- Spyman #1 (Sept. 1966), cover art by Joe Simon George Tuska (main image) & Jim Steranko (inset).

Publication information
- Publisher: Harvey Comics
- Publication date: Sept. 1966 - Feb. 1967
- No. of issues: 3

Creative team
- Written by: Joe Simon
- Artist(s): Joe Simon Jim Steranko Dick AyersGeorge Tuska

= Spyman =

Comic book superhero

Spyman is a fictional character, a short-lived comic book superhero published by Harvey Comics' Harvey Thriller imprint in the mid-1960s. He starred in three issues of his own comic, cover-dated September 1966 to February 1967.

Spyman #1 contained the first professional comic book works by Jim Steranko. Steranko created the concept and plotted the first story, but he did not supply any artwork, except the first page splash which includes a diagram of his robot hand. This was one of three concepts Steranko created for Harvey that saw print.

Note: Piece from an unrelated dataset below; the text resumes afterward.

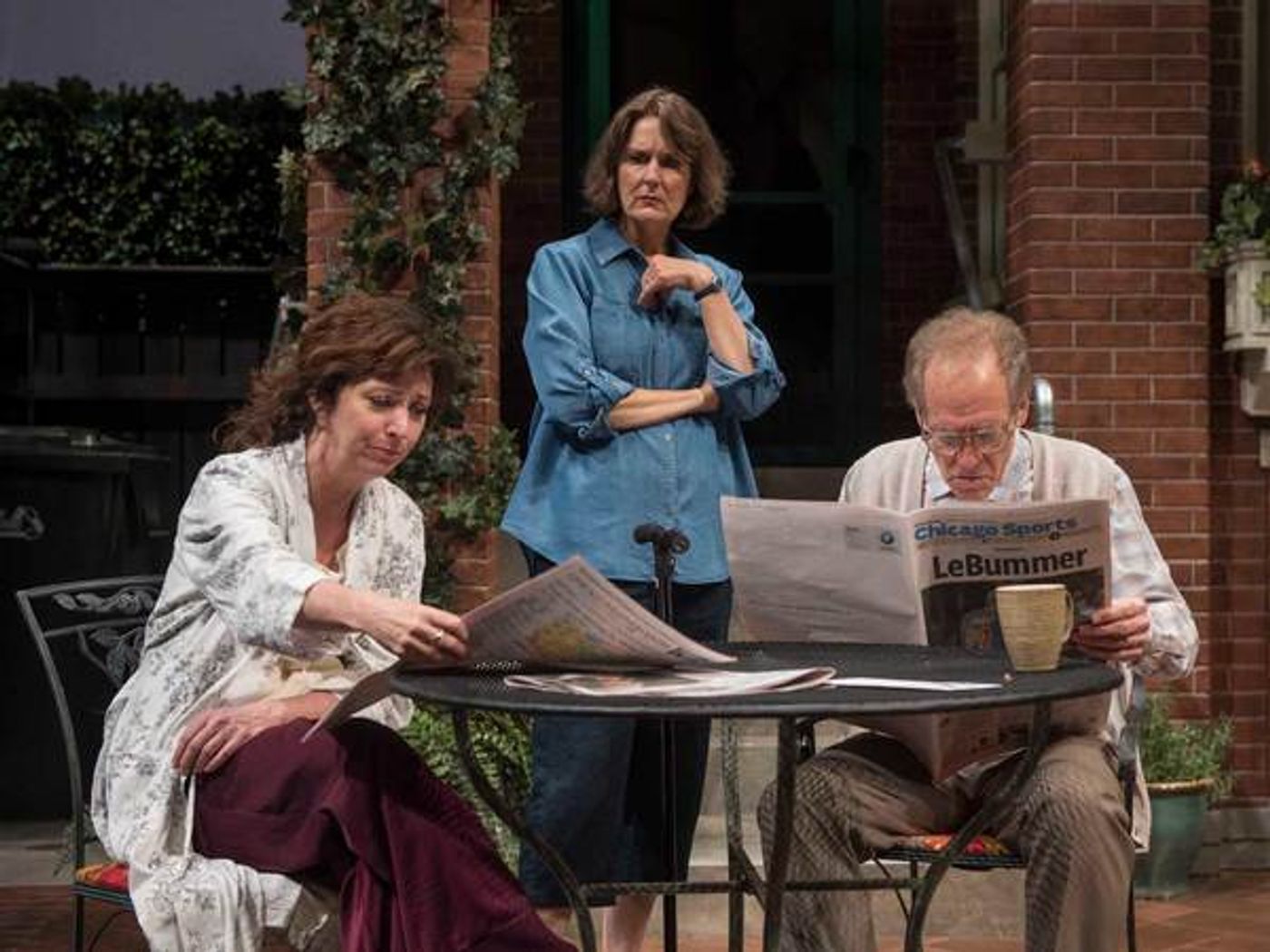 Photo Flash: First Look for ONE HOUSE OVER at Milwaukee Rep  Image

Spyman was secret agent Johnny Chance, who lost his left hand defusing a nuclear bomb. Johnny was an agent of the American spy group LIBERTY, headquartered under the Statue of Liberty. After losing his hand, he would be outfitted with an 'Electro Robot Hand', each finger a different tool/weapon. He would soon be outfitted with a belt with extra fingers with additional uses.

Chance and LIBERTY fought against MIRAGE (Empire of Guerrilla Assassination, Revenge, and International Menace), led by the Whisperer, who was killed in the first issue, and Chance would go on to fight Cyclops and the Evil Eye Society in the second issue and the Id Machine in the third.

It is unknown who wrote the stories, but it may have been editor Joe Simon. Pencil art was by George Tuska with inking by Dick Ayers, with some inks by Reed Crandall, in the first issue. Ayers inked the second issue, then Bill Draut the third.